_Task to carry out_
From first line to last, output the records below exactly.

Data extracts Block Start

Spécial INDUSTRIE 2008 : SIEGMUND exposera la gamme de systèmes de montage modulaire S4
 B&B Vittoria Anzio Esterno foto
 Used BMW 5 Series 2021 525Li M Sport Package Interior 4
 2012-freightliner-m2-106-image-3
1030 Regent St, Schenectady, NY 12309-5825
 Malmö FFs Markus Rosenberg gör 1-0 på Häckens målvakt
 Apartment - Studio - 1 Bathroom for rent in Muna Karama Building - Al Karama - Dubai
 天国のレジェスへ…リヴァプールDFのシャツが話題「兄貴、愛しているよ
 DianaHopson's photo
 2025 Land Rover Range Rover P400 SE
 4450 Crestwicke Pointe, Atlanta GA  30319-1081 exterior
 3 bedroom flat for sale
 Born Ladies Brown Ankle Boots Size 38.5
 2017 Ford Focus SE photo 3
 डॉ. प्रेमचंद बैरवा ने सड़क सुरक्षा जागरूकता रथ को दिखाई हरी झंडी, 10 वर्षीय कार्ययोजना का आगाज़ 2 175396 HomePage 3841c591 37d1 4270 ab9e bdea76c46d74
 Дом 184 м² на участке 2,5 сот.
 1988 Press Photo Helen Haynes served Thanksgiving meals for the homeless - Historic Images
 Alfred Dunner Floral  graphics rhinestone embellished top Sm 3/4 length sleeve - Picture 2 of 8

Data extracts Block End

_Written solution_
Spécial INDUSTRIE 2008 : SIEGMUND exposera la gamme de systèmes de montage modulaire S4
 B&B Vittoria Anzio Esterno foto
 Used BMW 5 Series 2021 525Li M Sport Package Interior 4
 2012-freightliner-m2-106-image-3
1030 Regent St, Schenectady, NY 12309-5825
 Malmö FFs Markus Rosenberg gör 1-0 på Häckens målvakt
 Apartment - Studio - 1 Bathroom for rent in Muna Karama Building - Al Karama - Dubai
 天国のレジェスへ…リヴァプールDFのシャツが話題「兄貴、愛しているよ
 DianaHopson's photo
 2025 Land Rover Range Rover P400 SE
 4450 Crestwicke Pointe, Atlanta GA  30319-1081 exterior
 3 bedroom flat for sale
 Born Ladies Brown Ankle Boots Size 38.5
 2017 Ford Focus SE photo 3
 डॉ. प्रेमचंद बैरवा ने सड़क सुरक्षा जागरूकता रथ को दिखाई हरी झंडी, 10 वर्षीय कार्ययोजना का आगाज़ 2 175396 HomePage 3841c591 37d1 4270 ab9e bdea76c46d74
 Дом 184 м² на участке 2,5 сот.
 1988 Press Photo Helen Haynes served Thanksgiving meals for the homeless - Historic Images
 Alfred Dunner Floral  graphics rhinestone embellished top Sm 3/4 length sleeve - Picture 2 of 8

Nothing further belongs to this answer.